■ THE PROBLEM ■
In the records below, reproduce exactly the lines from the one containing "17429 Marianne Circle Dallas TX 75252" through the one containing "ヴィヴィアン ウエストウッド Vivienne", both included, and omit the pictures.

■ RECORDS TO USE ■
== Segment start ==
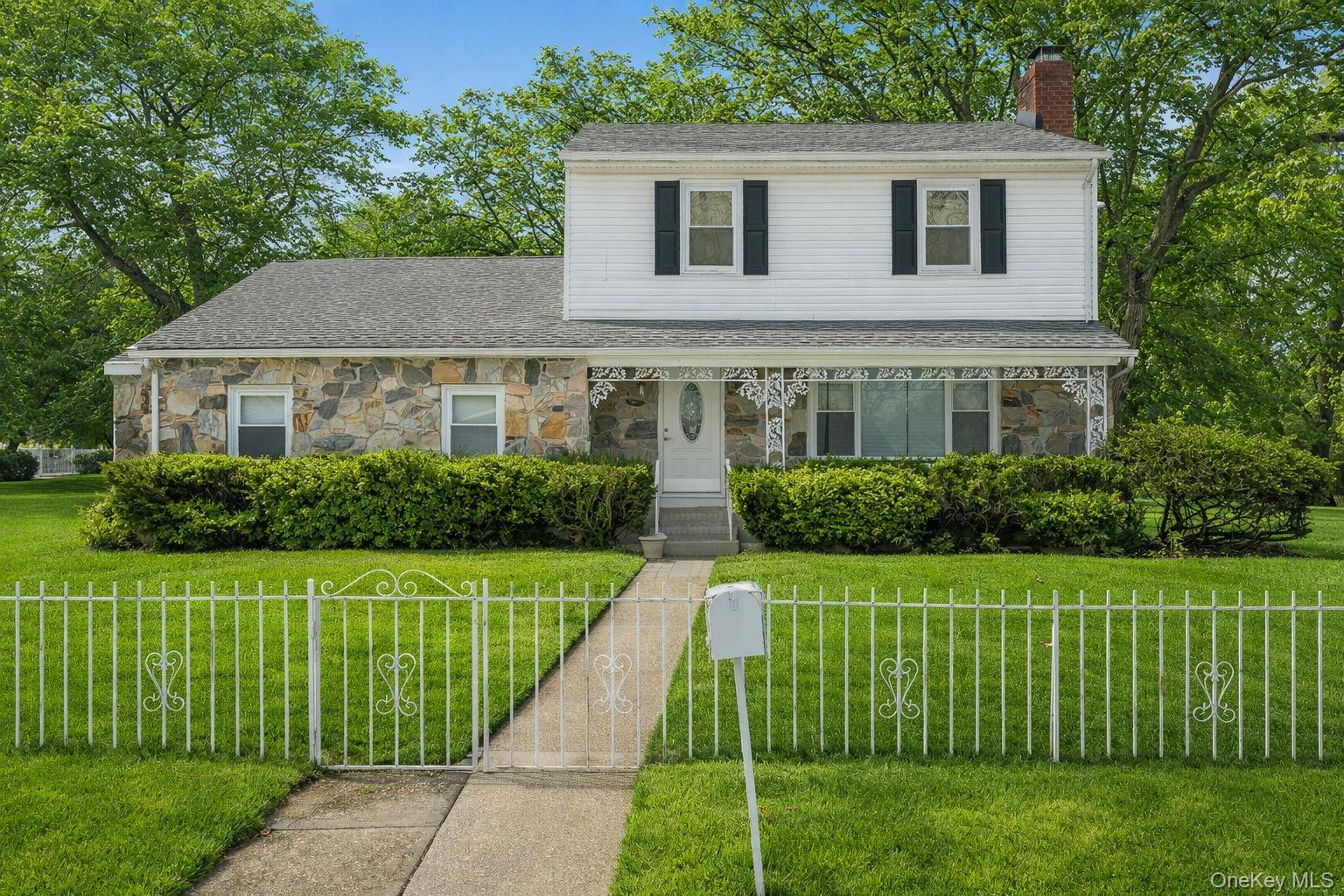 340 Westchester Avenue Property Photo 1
== Segment end ==
== Segment start ==
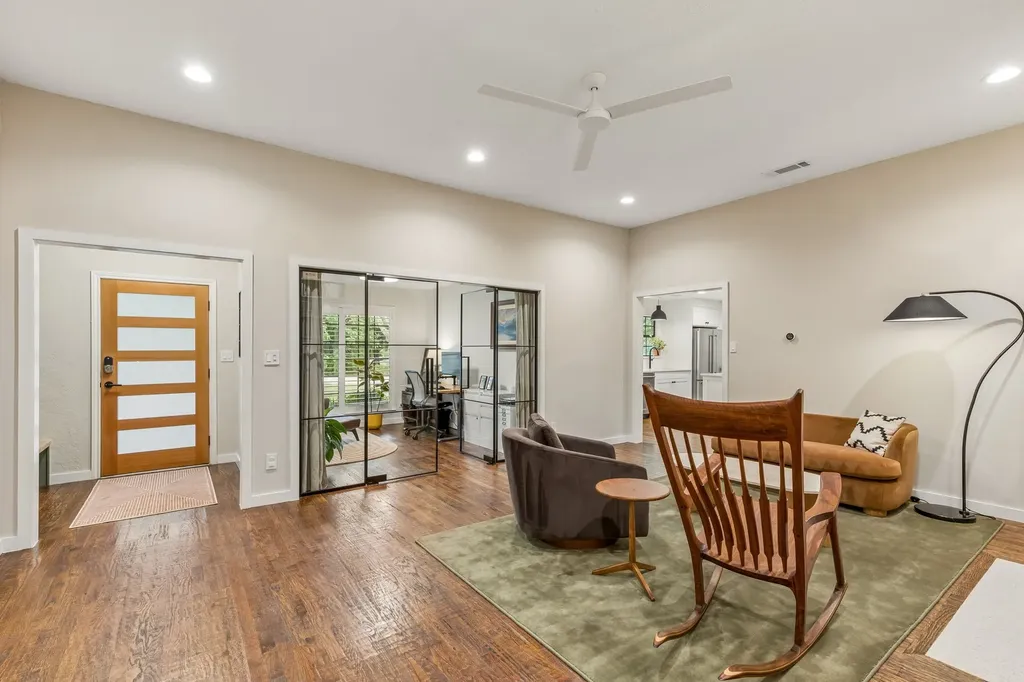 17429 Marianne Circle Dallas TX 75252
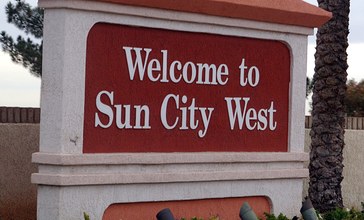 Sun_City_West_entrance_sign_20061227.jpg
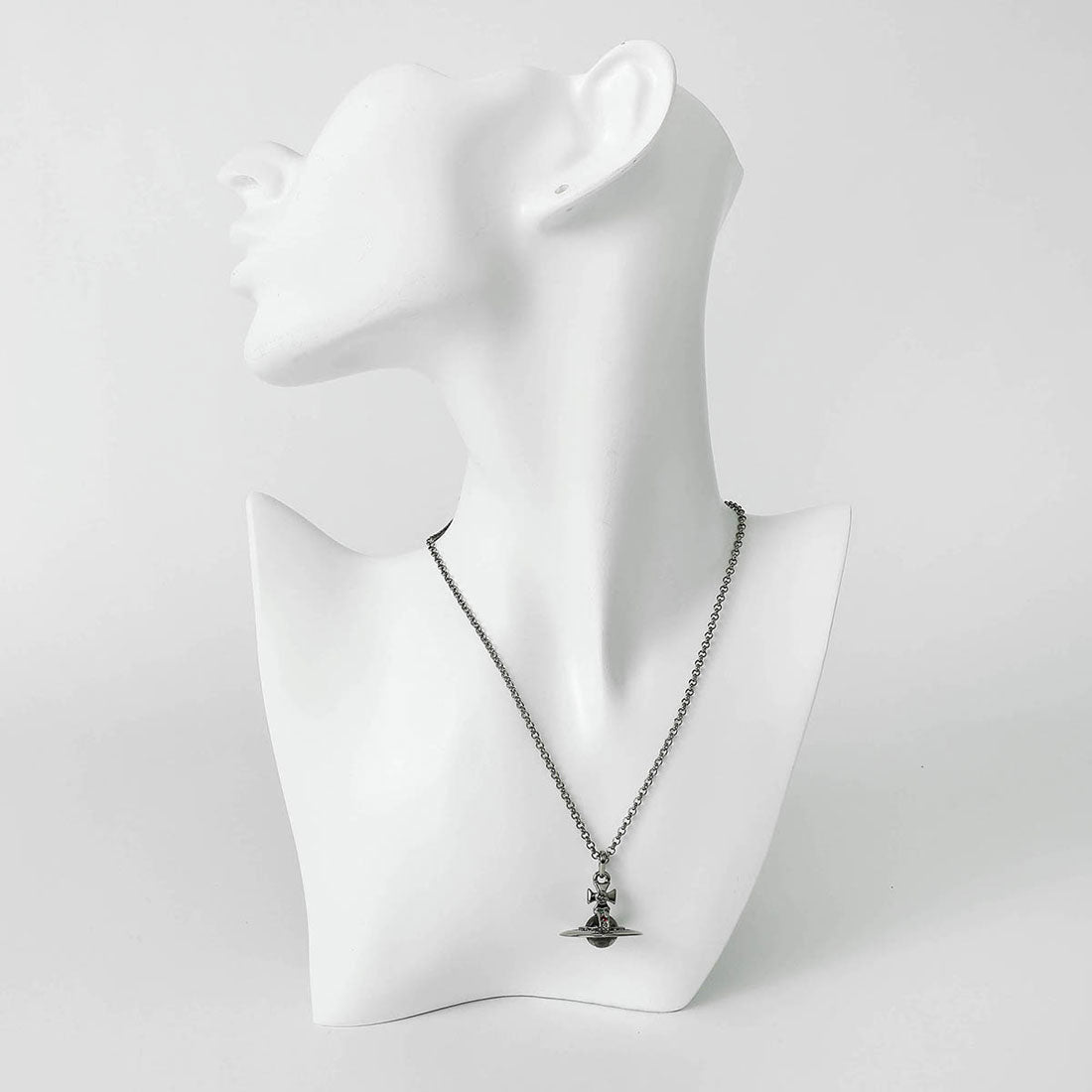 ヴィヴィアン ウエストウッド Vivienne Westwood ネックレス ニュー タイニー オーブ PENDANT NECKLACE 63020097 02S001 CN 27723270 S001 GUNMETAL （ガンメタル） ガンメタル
== Segment end ==
■ ANSWER BOX ■
 17429 Marianne Circle Dallas TX 75252
 Sun_City_West_entrance_sign_20061227.jpg
 ヴィヴィアン ウエストウッド Vivienne Westwood ネックレス ニュー タイニー オーブ PENDANT NECKLACE 63020097 02S001 CN 27723270 S001 GUNMETAL （ガンメタル） ガンメタル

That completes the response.